Seconda stagione, ancora René: “Oh, cagna fino alla fine questa! Proprio cagna fino all'ultimo!”.
Ecce Boris: battezzata alla XVII Festa del Cinema di Roma, la quarta stagione scritta e diretta da Giacomo Ciarrapico e Luca Vendruscolo, con il compianto Mattia Torre già al timone delle tre precedenti (e del risparmiabile film), ha debuttato ieri, 26 ottobre, su Disney+.

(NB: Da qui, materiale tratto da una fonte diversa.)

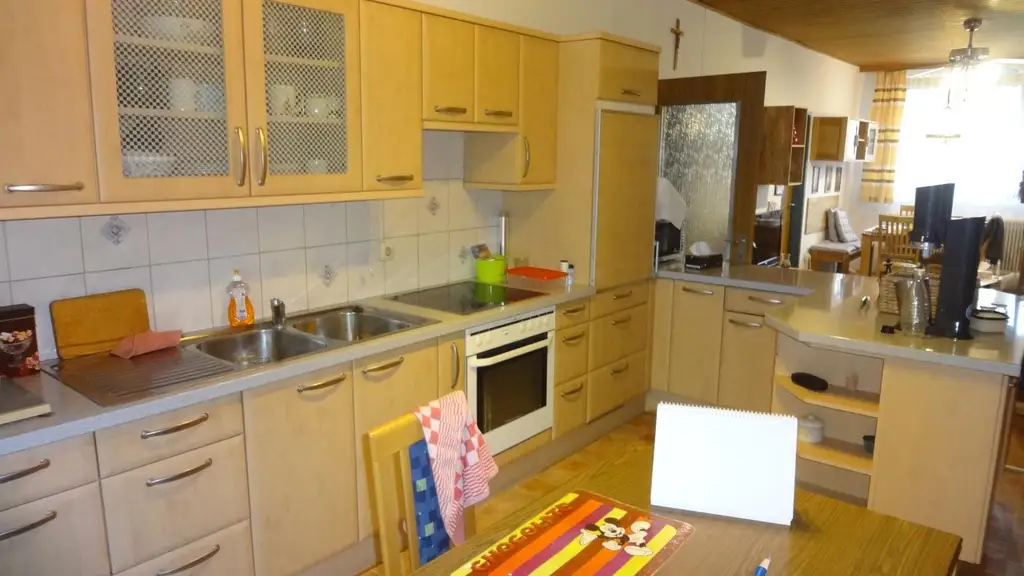 Großzügiges Einfamilienhaus mit großem Grundstück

“Non c’è drammaturgia senza conflitto”: la rentrée di René Ferretti (Francesco Pannofino), Stanis La Rochelle (Pietro Sermonti) e Corinna (Carolina Crescentini) è, appunto, al servizio di una piattaforma globale. Archiviata Gli occhi del cuore, sul set è Vita di Gesù, da un’idea non di Stefano Accorsi bensì dell’incontenibile Stanis, anche impegnato produttivamente con l’icastica SNIP (So Not Italian Production) che condivide con la moglie Corinna. Coproduttore e organizzatore è Lopez (Antonio Catania), che pensionato dalla Rete s’è rimesso in gioco con l’ineffabile QQQ (Qualità, Qualità, Qualità). Riusciranno i nostri antieroi a ottenere l’approvazione delle sceneggiature, il lock, da parte del famigerato Algoritmo del servizio streaming?

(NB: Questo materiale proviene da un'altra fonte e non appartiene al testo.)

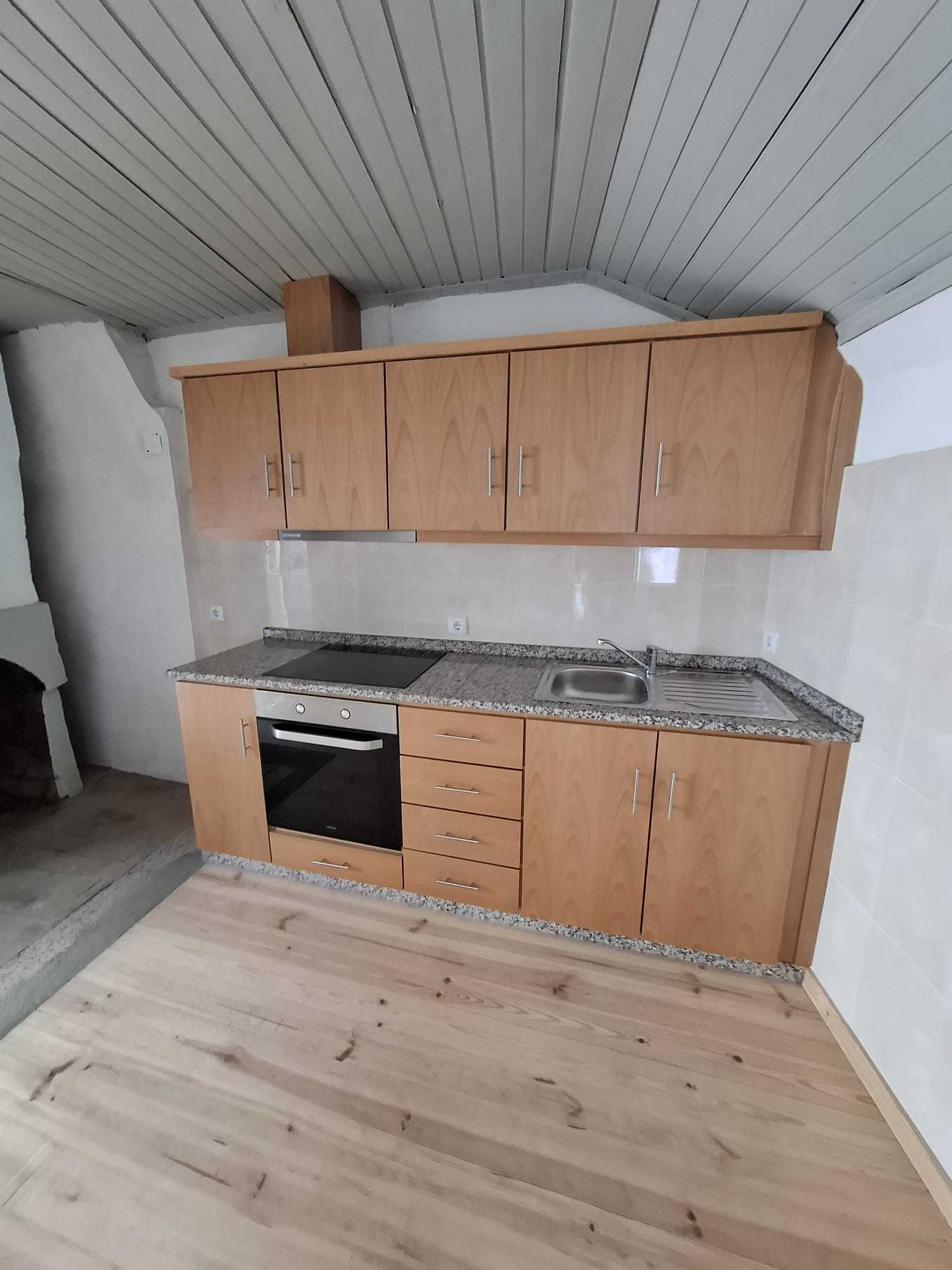 Alogo casa povoa penela penedono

Riflettendo il mondo, e l’audiovisivo, che cambia, Boris 4 porta sul set il codice deontologico, sicché Biascica (Paolo Calabresi) è costretto ad apostrofare i novelli schiavi con un neutro “merdu”, mentre diversity e inclusion annoverano tra i discepoli, con l’incredibile imprimatur di un sedicente biblista, un africano e un cinese – nulla da eccepire, viceversa, sui giudei incarnati da calabresi, forse perché parlano un dialetto simile all’aramaico o perché sotto l’egida di don Michele evocano affiliazioni ‘ndranghetiste.
Insomma, Ciarrapico e Vendruscolo muovendo dalla tv agli streamers non abdicano alla dose corrosiva e simpatetica, alla vis ironica e scanzonata, alla sprezzatura corriva e l’affabulazione sapida. Bravi, bravissimi. E brava Disney, via l’acquisita Fox, a assicurarsi il poker.
Tutto bene? Sì, ma le parole – Ciarrapico e Vendruscolo in questo hanno ascendenze morettiane – sono importanti. Ovviamente, le battute - e come non esaltarsi per l’intelligenza, loro, nel chiudere il secondo episodio con il ferretiano “Dai! Dai! Dai!” che agli orecchi di un’anglosassone può risultare mortifero. Ma anche i titoli degli episodi stessi, che nelle prime tre stagioni hanno contemplato il metacinema, da Stanis non deve morire (I stagione) e Il cielo sopra Stanis (II), o tradito il cinema, da La qualità non basta (III) a Puzza di capolavoro (III).
E allora, essendo le parole importanti(ssime), perché il secondo episodio di Boris 4 si chiama Cana maledetta e non Cagna, in osservanza all’epiteto cult – peraltro mai profferito nell’episodio - di Corinna? Vuoi vedere che l’algoritmo ha colpito davvero, che il politically correct ha corretto le bozze, emendando quella g greve? E dunque già che ci siamo perché non Can* o Canə? Che figura di merdu.
Quanto ci sarebbe piaciuto – confessiamo - blastare così la fuoriserie italiana, addebitarle l’ossequio allo Zeitgeist, l’inchino al woke e via blaterando, e invece no: Cana maledetta non è questa cagna ripulita, ma quella Cana evangelica, quelle nozze vinificate da Cristo. Un miracolo semantico, altro che autocensura. Sempre sia lodato Boris!
PS: “Cagna” c’è. Arriva nel quarto episodio, Il set dei miracoli appunto, per bocca di Stanis, ma non è riferito a Corinna, bensì a una comparsa indemoniata. E c’è anche “cane”, che René confida sia proprio Stanis, e invece si attaglia al giovane vietnamita de ‘noantri chiamato a interpretare San Marco.